Se viajarmos no tempo até 2004, ano de glória para a equipa da cidade Invicta e de “quase glória” para a seleção das quinas, os dados são outros. Foram seis os jogadores pertencentes aos azuis e brancos a serem convocados para o EURO 2004: Paulo Ferreira, Nuno Valente, Ricardo Carvalho, Costinha, Maniche e Deco. Claro está que eram tempos em que o futebol português estava no seu expoente máximo depois do FC Porto conquistar a Liga dos Campeões.

Quatro anos passados, na convocatória para o EURO 2008, Scolari decide levar cinco jogadores para a Áustria e para a Suíça, foram eles: Bruno Alves, Bosingwa, Raúl Meireles, Ricardo Quaresma e Hélder Postiga (na altura, emprestado ao Panathinaikos AC.) Nessa temporada, a equipa da cidade Invicta conquistou o campeonato o tricampeonato com Jesualdo Ferreira no comando técnico da equipa e o plantel contava com 15 atletas portugueses. Algo que é quase impensável nos dias de hoje e um fenómeno muito provavelmente causado pelos investimentos na formação/valorização do jogador português.

Duas gerações do FC Porto presentes na Seleção Portuguesa
Fonte: Federação Portuguesa de Futebol

No EURO 2012, onde também fomos “quase-felizes”, Paulo Bento convocou apenas três atletas dos Dragões. Rolando, João Moutinho e Silvestre Varela foram os escolhidos e os três únicos jogadores a representar o emblema portista na Seleção. Nota-se então que o número de jogadores do FC Porto tem vindo a ser tendencialmente reduzido. No entanto, também o SL Benfica e o Sporting CP passam pelo mesmo.

Por fim, chegamos à competição mais marcante na história da Seleção Portuguesa. Aquando da conquista do Campeonato Europeu de Futebol do ano de 2016, pisavam o solo francês apenas um jogador do FC Porto: Danilo Pereira.

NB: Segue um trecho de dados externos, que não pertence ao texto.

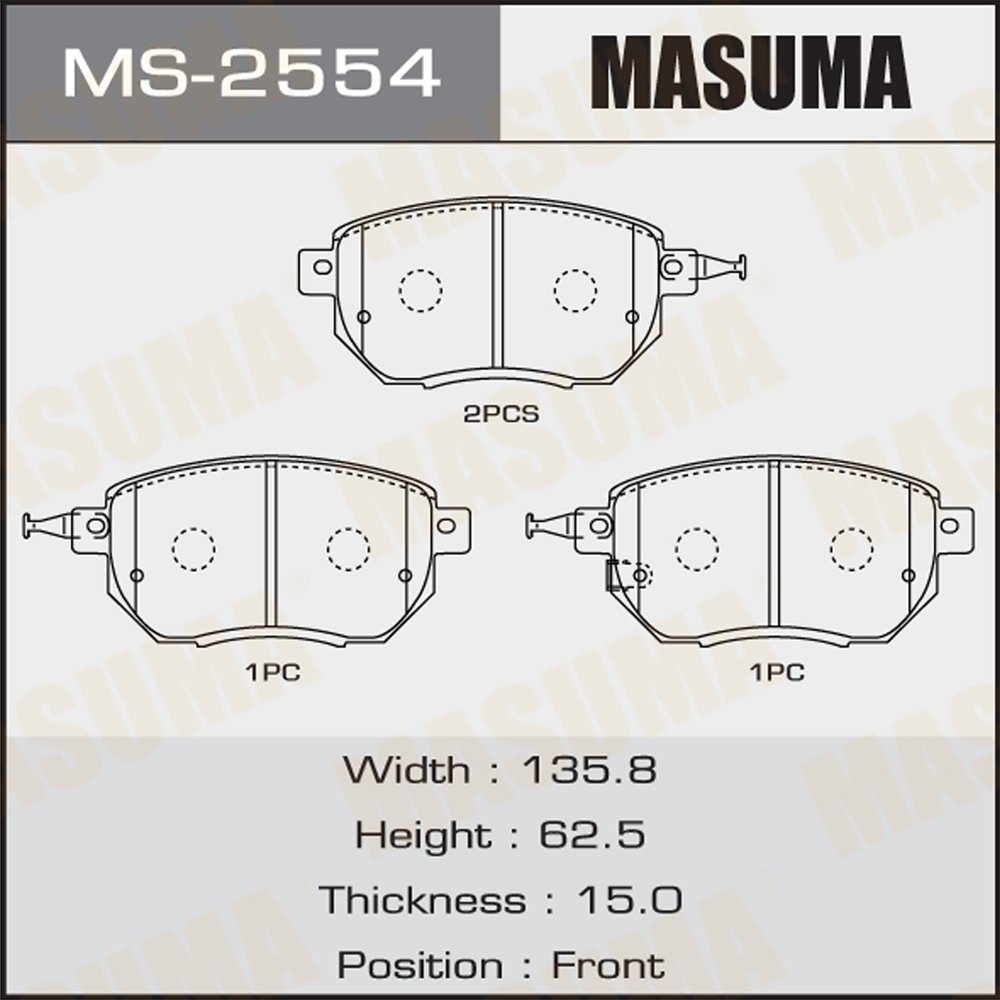 MS-2554 MASUMA Auto Part Ceramic Brake Disc Japanese Car Brake Pads for Nissan Honda Mitsubishi Mazda Subaru Isuzu Daihatsu
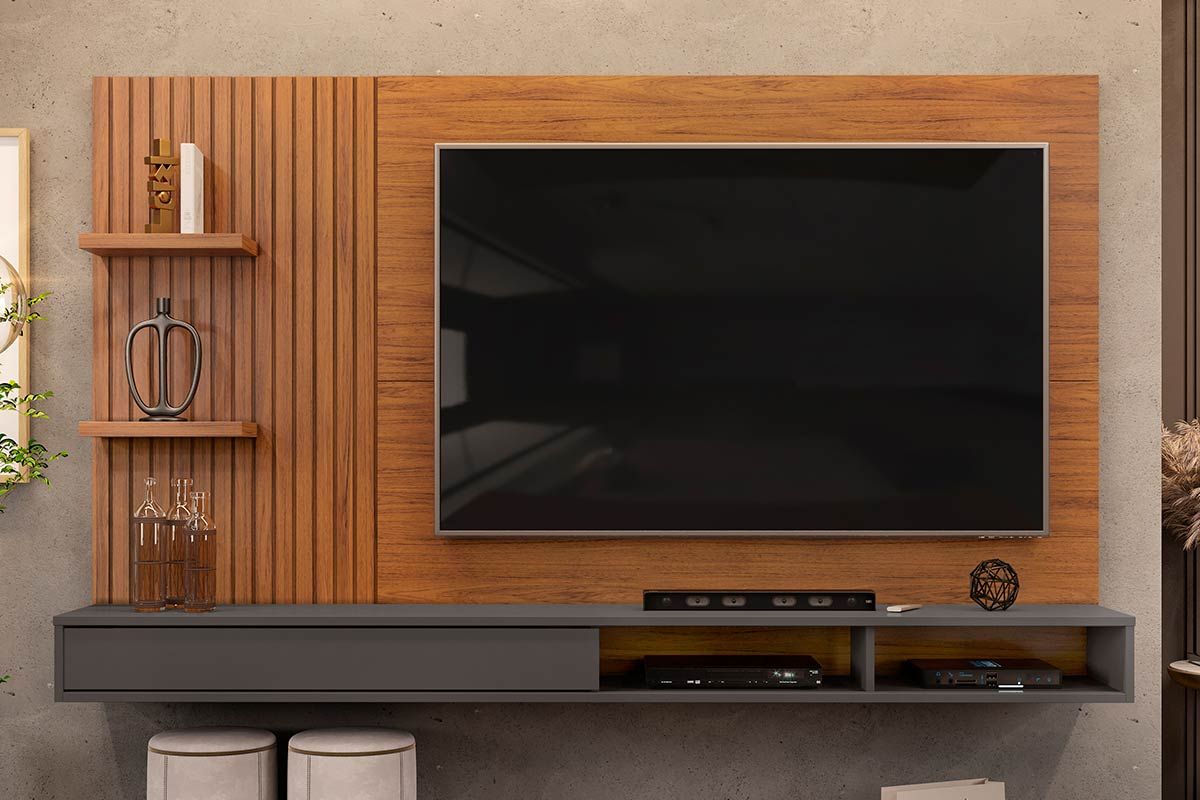Painel Home p/ TV até 60 Polegadas Bento Ripado c/Prateleiras 190x107cm DJ Móveis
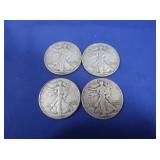 4 Walking Liberty Silver Half Dollars-90%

O mesmo que está presente na mais recente convocatória.

Será este um indicador de falta de investimento na evolução dos jogadores mais novos? Nessa temporada, a equipa do Porto tinha 14 jogadores portugueses no plantel. Sendo que grande parte deles não era titular ou ainda não se tinham afirmado na equipa. Hoje, em 2018, o FC Porto continua com um jogador presente na Seleção, enquanto que o SL Benfica contava com quatro jogadores. Será este um sinal de que devemos apostar ainda mais na formação? Ou então que devemos tentar manter as nossas jovens promessas a todo o custo?

O tempo passa e a tendência é para que os números diminuíam mais. E isto não é apenas mau para o FC Porto. É mau também para o futebol português e para o poder do mesmo a nível mundial.